A precursor is typically a metal center surrounded by chemical functional groups called ligands. The reactant chemistry is depending on the nature of the material to be deposited. Water or oxygen gas are typically used as reactant for the preparation of oxides, nitrogen containing reducing agents is used for nitrides or other reducing agents (e.g. H2 gas) can be applied for the synthesis of metals. Evidently, each precursor or reactant in an ALD process has a profound impact on the resulting film chemistry [47], [62]. The fact that ALD allows for an excellent conformality over the substrate is directly related to the self-saturated chemical surface reactions, as opposed to other flux controlled techniques such as sputtering for example.

With the increase of applications enabled by ALD, in areas such as membranes [57], catalysis [63], photovoltaics [64] or sensing [55], [65], new approaches for the integration of novel processes, substrates and precursor delivery techniques have been developed. These include energy-enhanced as well as spatial ALD processes involving plasma, direct-writing, atmospheric pressure, and roll-to-roll [66]. For further and more detailed information about the ALD technology, the reader is referred to recent reviews in this area [48], [53], [66], [67], [68], [69], [70].

As written above, many ALD surface chemistries can be applied, depending on the processes used and materials to be prepared. The process leading to the preparation of metallic materials is somewhat different than for the synthesis of binary compounds (e.g. oxides or nitrides). One difference is that in metal ALD, the deposition of a metallic material containing one single element has to be achieved.

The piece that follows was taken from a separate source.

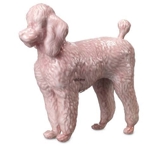 Puddel, Royal Copenhagen figur nr. 934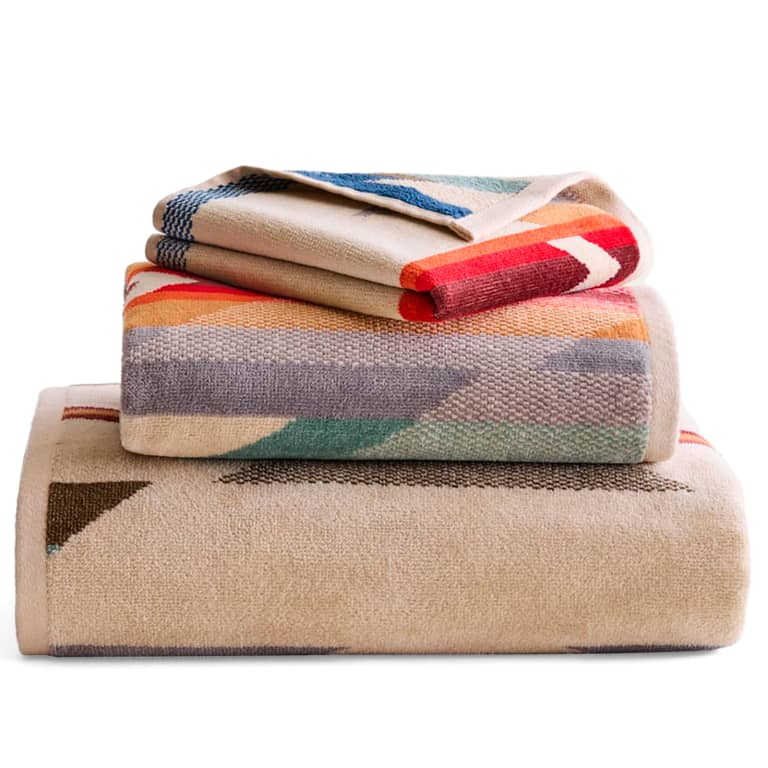 Набор полотенец Pendleton из трех частей 18090₽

Thus, the reactant must permit the removal of the organic ligands (of the adsorbed metallic precursor), but without being incorporated in the synthesized film. The chemistries used can be based on hydrogen reduction, combustion chemistry, or fluorosilane elimination, among others [37], [48].

In most ALD processes, such as ALD of Al2O3 for example, the growth of a uniform film on a substrate starts already after a few cycles, and the nucleation of the film and subsequent continuous growth is straightforward. In the case of ALD of metals, the film has typically more difficulties to grow, and a nucleation delay is typically observed before the formation of a closed film. In fact, because of the difference in surface energies [71] between the substrate and the metal to be deposited, ALD of metals usually starts with the formation of isolated clusters at the surface. This so-called Vollmer-Weber growth nucleation can be exploited to produce supported metallic NPs. These NPs grow with increasing number of cycles, coalesce and finally form a closed film on which the ALD growth continues at a constant rate. Figure 2 illustrates the nucleation of Platinum ALD, showing that Pt ALD starts from island growth, via island coalescence, to film closure [72]. ALD is therefore a powerful tool for the direct synthesis of supported metallic NPs on challenging high aspect ratio substrates.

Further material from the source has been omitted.